I’m looking to probably purchase an older 12 gauge English made boxlock with 2 1/2 inch chambers. The specific gun I am looking at has been Nitro Proofed in England. I do not know if there is enough metal in the barrels for it to be opened up to 2 3/4 inch (70mm) chambers. Nor do I know if I would want to change the original specs. of the gun.
I currently do a lot of clay shooting, skeet, sporting clays and a little trap. As such I do a lot of reloading. In fact I have 2 MEC presses set up for reloading 12 gauge, the MEC 600 jr. and a 9000 grabber.
My question is, can I reload 2 and 1/2 inch hulls, and if yes, where do I find published recipes as well as the correct components. I have a pretty good source for B & P 2 1/2 hulls, as well as some Estate hulls and Gamebore hulls. I was thinking I that I could adjust the 600 jr. press with a 1/4 inch spacer available through Precision Reloading in CT?

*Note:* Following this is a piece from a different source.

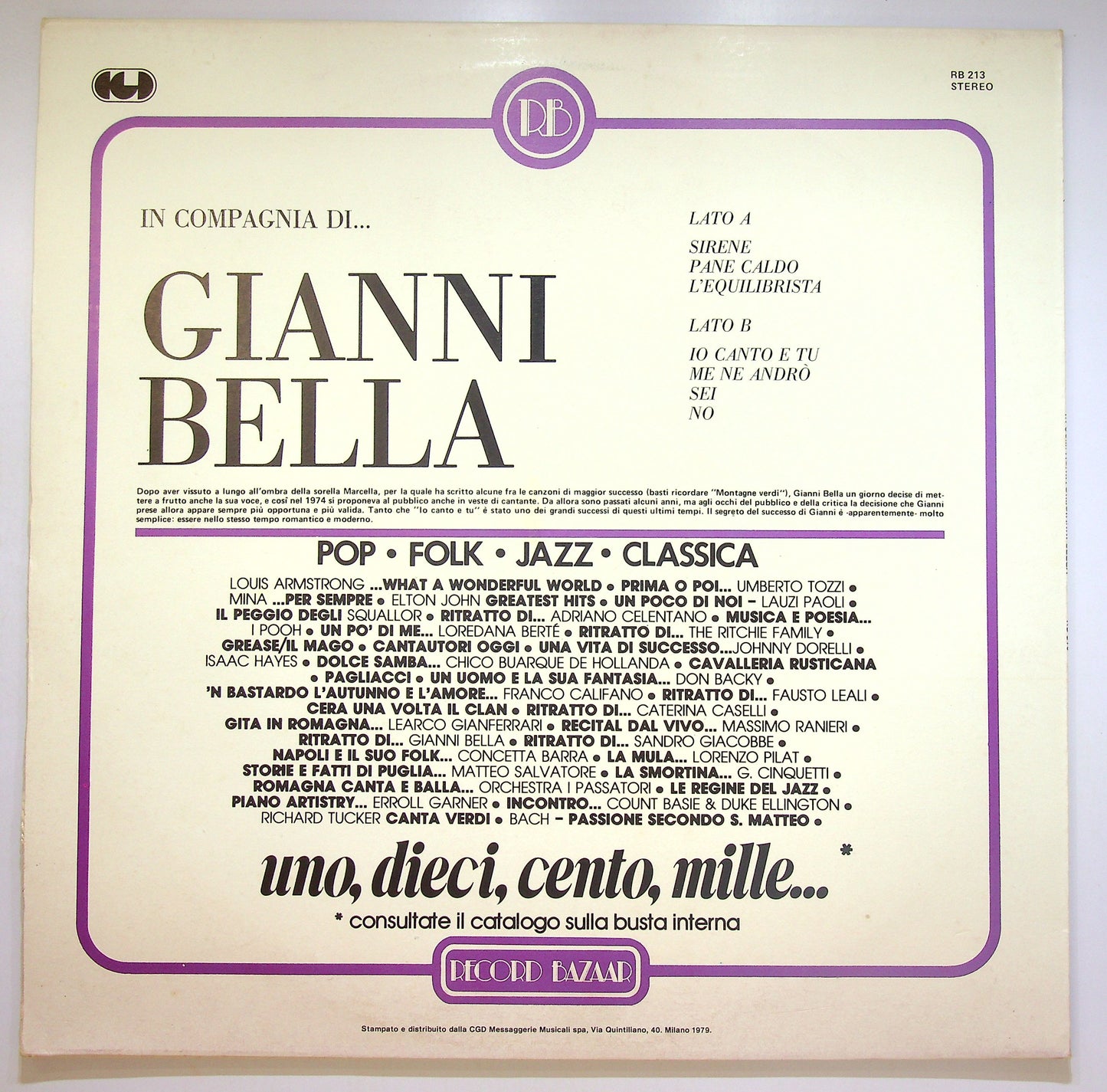 EBOND Gianni Bella - In Compagnia Di...Gianni Bella Vinile V084113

My second question is whether I can just put light 2 3/4 shells in. The guy selling the gun says yes, but I’m skeptical as to the safety of this? They will fit obviously, but they impinge 5mm or so into the forcing cones, wonder if this would also probably adversely affect pattern?
I’ve heard of lots of people using light 2-3/4″ shells in 2-1/2″ chambers. I don’t do it and I don’t like it. What happens is that the shell unfolds into the forcing cone. This creates a bottleneck. I’m not so concerned about poor patterns as I am about excessive pressures. Some people say that modern thin plastic cases don’t cause as much a problem in this respect as the older thick paper hulls for which the gun was made. I still don’t like doing it.

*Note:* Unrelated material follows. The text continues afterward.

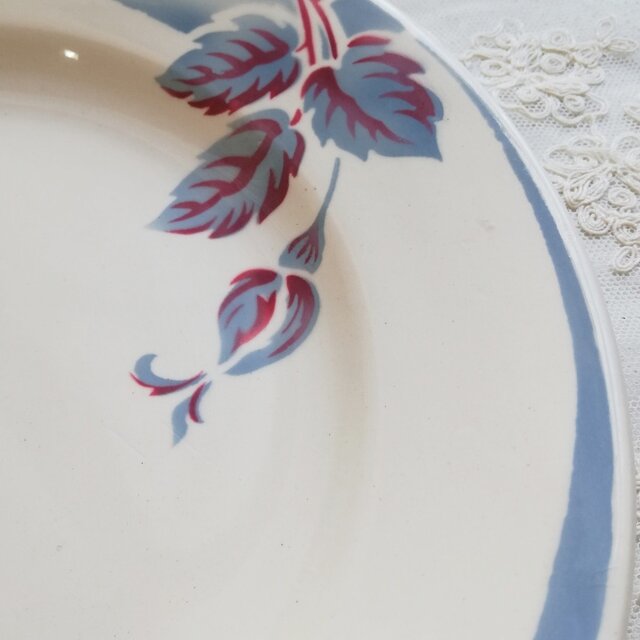 フランス SARREGUEMINES ANTINEA サルグミンヌ レッドローズ フラット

I measured some of my 2-1/2″ shells. All measurements are of a loaded and fully crimped (6 or 8 point) shell, not an empty case. Still, it’s a good comparison on length as it’s apples to apples since they use the same crimps.

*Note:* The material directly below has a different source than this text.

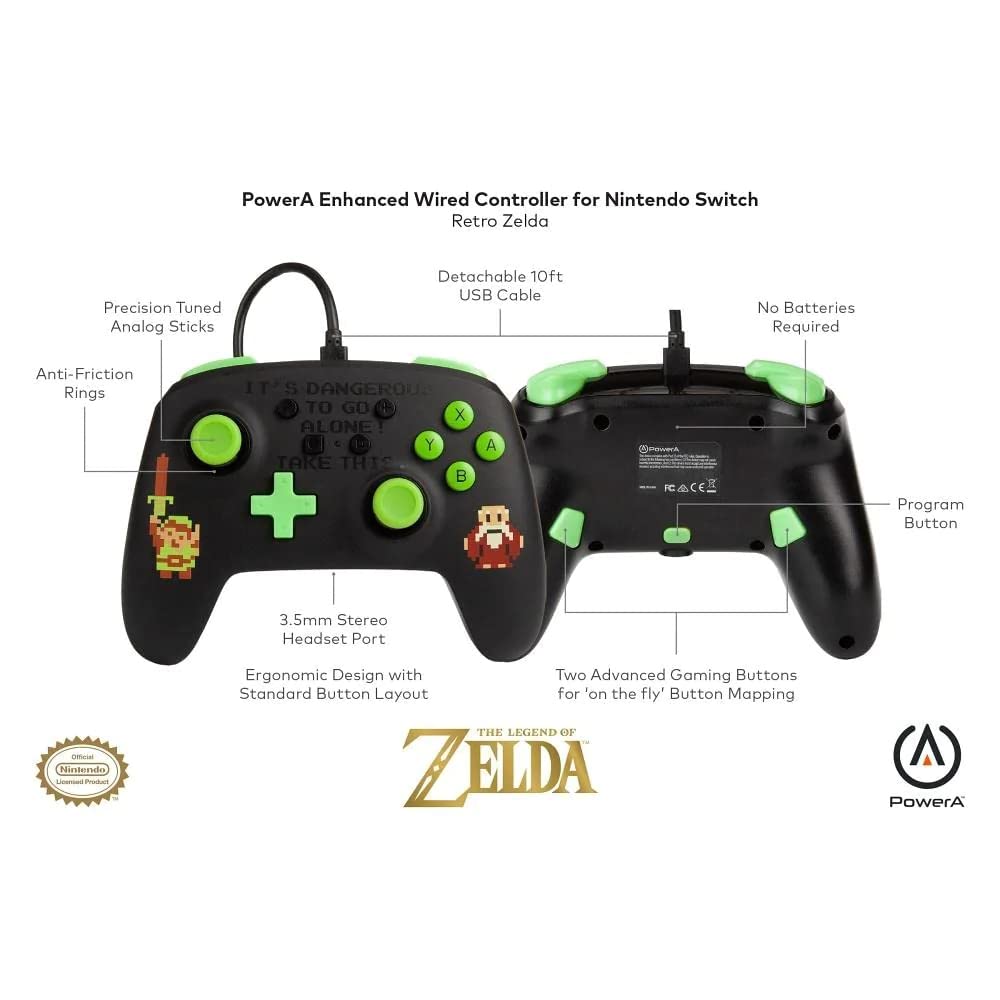 The Legend of Zelda "It's Dangerous To Go Alone..." Enhanced Wired Controller - Nintendo Switch - PowerA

Standard American 2-3/4″ target load length is 2.33″ Purdey 2-1/2″ paper shell made by Eley is 2.17″ Victory Europa 2-1/2″ plastic shell “65 mm for English guns” is 2.19″ “Red Grouse” 2-1/2″ paper shell with a “67 mm case” made for Malloch in Perthshire is 2.20″
I’ve also heard of people simply lengthening the forcing cones on 2-1/2″ chambers and then using 2-3/4″ shells. I don’t do it and I don’t like it. You will be easing up the pressure bottleneck, but you will also be thinning the chamber walls just where there is maximum pressure.
As to lengthening the chambers from 2-1/2″ to 2-3/4″, again I don’t do it and I don’t like it. BUT I do shoot a gun (1926 Webley and Scott 500 12 ga. 2-1/2″ boxlock) to which it was done by a previous owner. I use modest pressure one ounce 2-3/4″ shells in it and nothing has blown in 20 odd years. The gun was originally proofed for 2-1/2″ 1-1/8 oz loads, but I don’t even go that far. So far so good, as the guy who jumped off the building said as he passed each window on the way down. Still, I don’t recommend that you lengthen the chambers. Your gun may have a thinner barrel or some interior flaw.
I’m reluctant to recommend or even countenance any barrel modifications at all because I don’t want people calling me from the emergency room. Still, I certainly have to recognize that lots of people run cones and lengthen chambers on these old guns. If you have a trusted gunsmith, have him take a look at your gun. Get his advice. Call him from the emergency room.
Yes, you positively can reload 2-1/2″ shells. The hardcover “Hodgdon Powder Shotshell Data Manual” (Hodgdon Powder Company, 1996) has a few recipes for reloading 2″ and 2-1/2″ 12 gauge shells. It also has a couple of pages on setting up a Dremel tool in a hobby press to cut back 2-3/4″ cases to the proper length.
As to a reloading machine, for 2-1/2″ shells, you can get a conversion plate for a MEC single stage reloader (Mayville Engineering Co. that will elevate the hull so that it runs through the single stage machine normally. This is probably the same set that Precision Reloading is selling.
For readers with 2″ guns who are reading this, you 2″ shooters can use any reloader to resize, deprime, reprime, drop shot and drop powder. Then you use a roll crimp on a drill press to do your crimping. You can get a roll crimp tool from Ballistic Products at Ballistics Products, Inc.
As to proper wads for the short shells, Ballistic Products will have what you need.
You can also buy plenty of 2-1/2″ shells on the market. In addition to the hulls you have, you can also get 2-1/2″ shells from RST, Classic Shotshell Co, Inc.
I highly recommend the 2-1/2″ English game guns. My W&S 500 series with 28″ bbls weighs an exact 6# 4oz even after I cut the checkered butt off and added a pad to get extra length for my long arms. It’s interesting to note that this W&S weighs exactly the same as my 28″ bbl 3″ chambered 20 gauge Fabrique Nationale Superposed. It just shows the difference in philosophy between the light 12 and the heavy 20 camps. One ounce 1150 fps loads from my light 12 seem to hit the birds harder than the one ounce 1150 fps loads from my 20. Perhaps one gun just fits me better than the other, but the large bore/short shotstring thing could have something to do with it, especially with the larger #5 shot I prefer on pheasants. I’ve just never had the faith in the 20 that I have in the 12. Uh oh. Shouldn’t have said that.